In the same way that tech start-ups tackling poverty reduction and renewable energy generation and climate change have had an increase in investment, so has health tech in African nations.
Healthcare tech helps to create jobs and improve services
In 2020 alone, more than 40 tech start-ups in the healthcare sector received Series A funding in Africa.
Firms launched over the last couple of years include those in drug procurement, genetic sequencing and health literacy, all of which will save lives.
Healhtech joins proptech, agritech and cleantech as the sector areas tipped to rise quickest during 2022, even as Covid 19 continues to cause disruption.
Future of proptech investment in Africa
Real estate and property in Africa – as well as at a global level – is an area that is being shaken up by innovative technology.
There are start-ups ranging from innovative digital platforms for construction companies and developers to delivery companies.
For example, Seso Global (Nigerian proptech) raised US$600,000 in pre-seed funding. The company develops software that allows the government to work with agents and developers to manage properties on a blockchain ecosystem.

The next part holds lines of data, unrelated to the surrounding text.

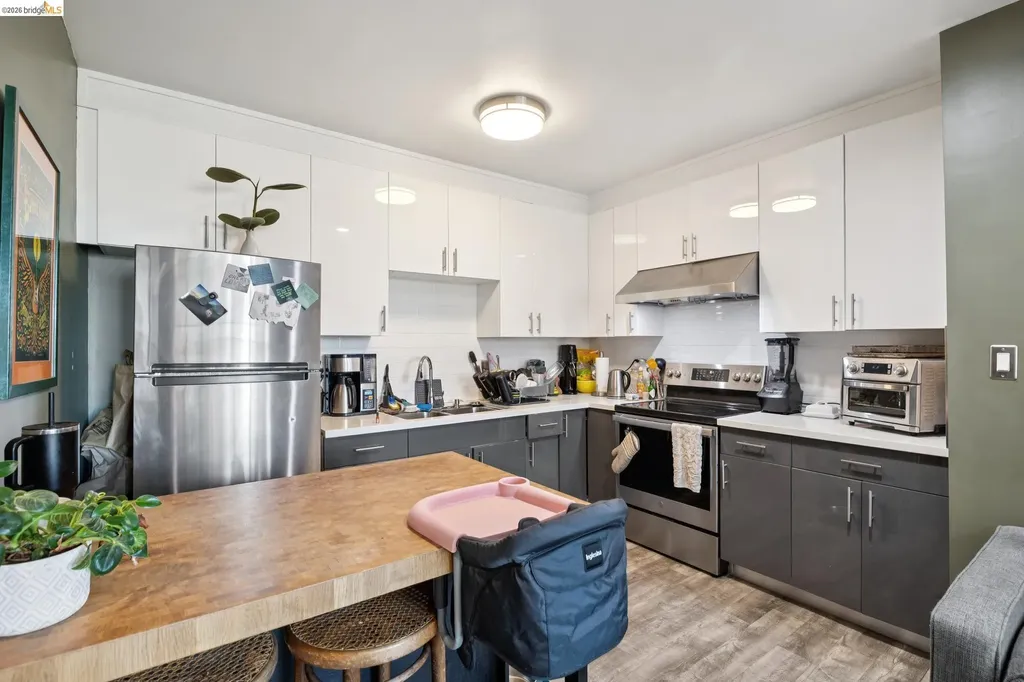 3271 Kempton Avenue Oakland CA 94611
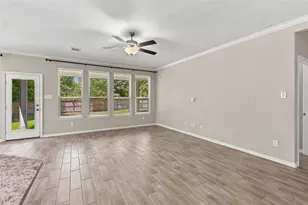 309 Lochvale Peak Ct, Montgomery, TX 77316 - Photo 9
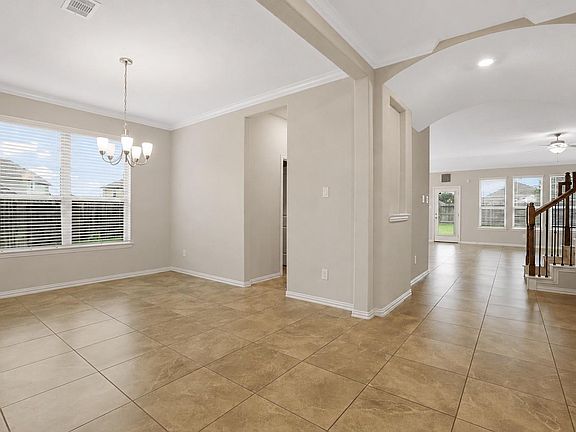 4th image of 8903 Lost Castle Way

Seso Global started in 2019 and in the same year expanded into Southern Africa, before launching in Ghana in 2020.
Types of funding are also increasing
We will likely see an increasing number of funding sources for start-ups in Africa throughout 2022.
Traditionally, the majority of the funding that has led to growth in trade has largely come from investors in Europe, the US and the UK.
However, this appears to be changing with new opportunities arising for African start-ups from local funds.
There has been a steady growth in accelerator labs and innovation hubs across the continent – all of which are necessary to improve national economies in 2022.
Angel investment and private sector investment also on the rise
Local angel investors have sprung up, who want to put their energy into African start-ups rather than funding those around the world.
For example, Future Africa is a VC fund that aims to turn the biggest challenges in Africa into world beating businesses.
So far, the fund has financed more than 30 start-ups, all of which will aid the continent’s recovery from the impact of the pandemic.
We’re also seeing an uptick in private sector investment into Africa’s tech ecosystem. It will be interesting to see how much all of this investor interest will help the Covid 19 recovery, increase trade and halt the decline in infrastructure on the continent.